The interpreted extent and structure of the potash beds is based on examination of new drill-hole data, regional historic drilling conducted by the previous explorers, and review of seismic data. Based on this data approximately 7% of the area surveyed by high resolution 2D seismic surveys contains geological anomalies (structural lows or disturbance areas). The structurally anomalous areas may impact the thickness, grade and potential mineability of the potash mineralisation and therefore further site-specific studies are required to assess these areas. For this reason, the areas identified as disturbance areas have been excluded from estimates of Mineral Resources.

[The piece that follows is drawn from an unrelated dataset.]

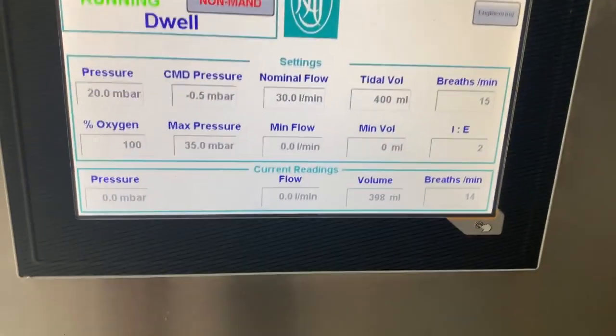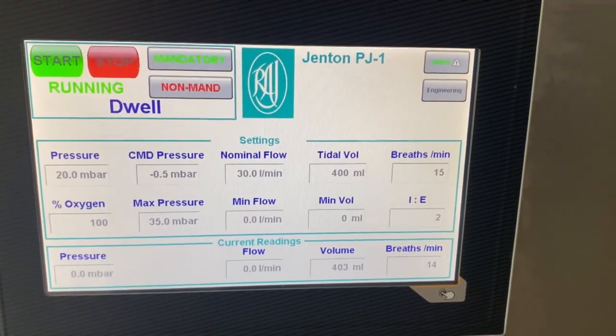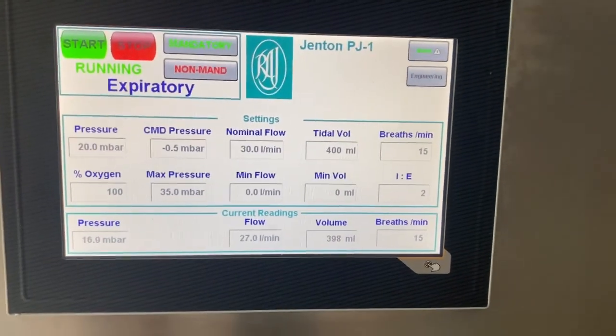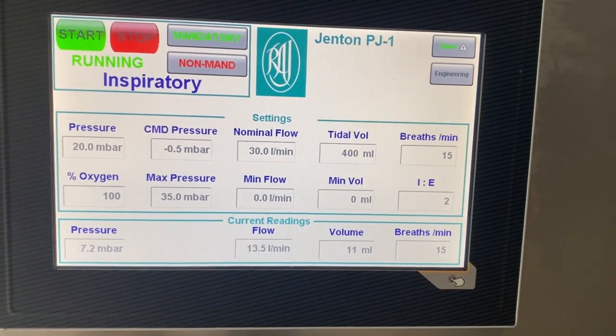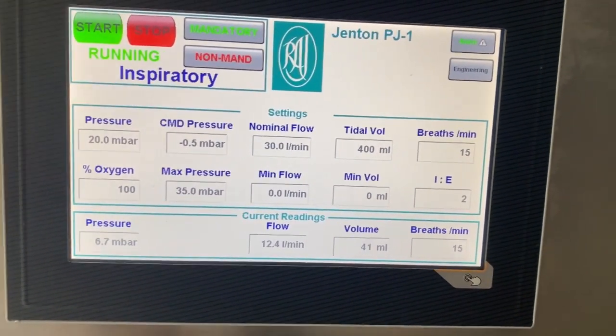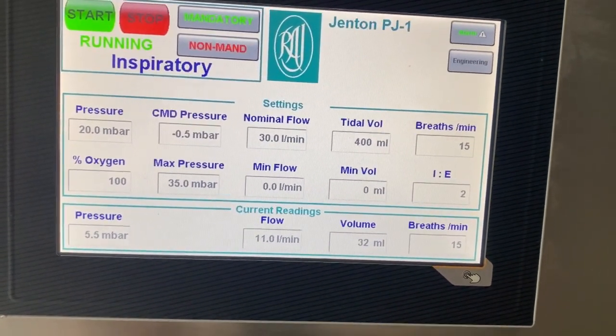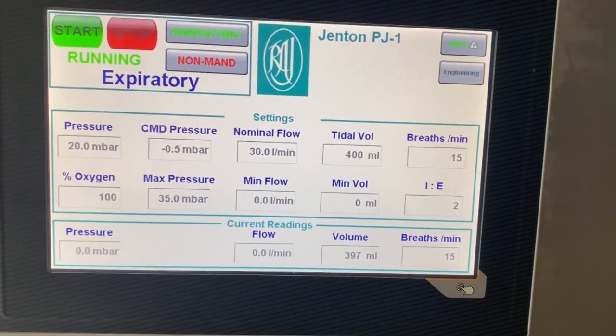Looking at the HMI, the interface has been designed to be clear and concise with the frequently used settings directly available to the clinician. As would be expected, there are set points for flow rate, tidal volume, IE ratio, maximum back pressure and O2 concentration, along with instantaneous readouts of the current values.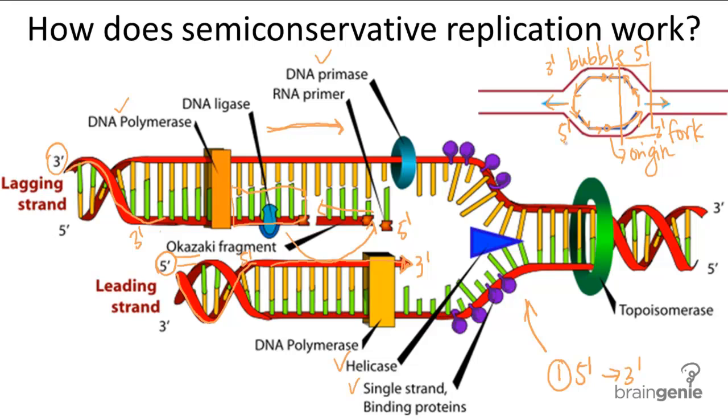The strand that's synthesized through Okazaki fragments is known as the lagging strand, because it's always slightly slower than the other strand. And the other strand is called the leading strand, which smoothly synthesizes from the five prime to the three prime end.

Sintoukola Potash Project - Cross Section View Looking NW
Four mineralised seams were interpreted and are named, starting with the uppermost, as the Hangingwall Seam (HWS), Upper Seam (US), Lower Seam (LS), and the Footwall Seam (FWS). The potash seams can be correlated across the deposit extent and are generally sub-horizontal with local undulations; modeled dips do not exceed 15 degrees.
The top of the salt sequence is marked by an unconformable contact. Depending on the position of the seams relative to this contact, they may be locally removed.
The mineralisation comprises sylvinite layers, carnallitite layers or less frequently both sylvinite and carnallitite. In the latter, the two mineralisation types are not inter-mixed; the sylvinite occurs above the carnallitite.
Sylvite is a considered to be a secondary mineral, forming by the leaching of magnesium chloride from primary carnallite. At the Kola deposit, it is envisaged that the replacement of carnallite by sylvite was controlled by the vertical and lateral movement of leaching brines originating from the top of the salt sequence.
The uppermost seam modelled to date is the HWS and is separated by approximately 60 m of halite from the top of US. The HWS is known to consist of high grade sylvinite with a thin layer of carnallitite towards the base of some intersections.
The US and LS are in close vertical proximity, separated by a barren halite interval with average thickness of 3.6 m. The US consists predominantly of sylvinite with an increasing proportion of halite towards the upper contact. The LS is either entirely of carnallitite or sylvinite, or comprised of sylvinite above carnallitite.
The FWS is the lowermost significant potash seam. It is separated by approximately 45 m of halite from the base of the LS. In places where the US and LS have been largely or entirely removed, it consists of sylvinite, elsewhere the FWS is known to consist of carnallitite and bischofite.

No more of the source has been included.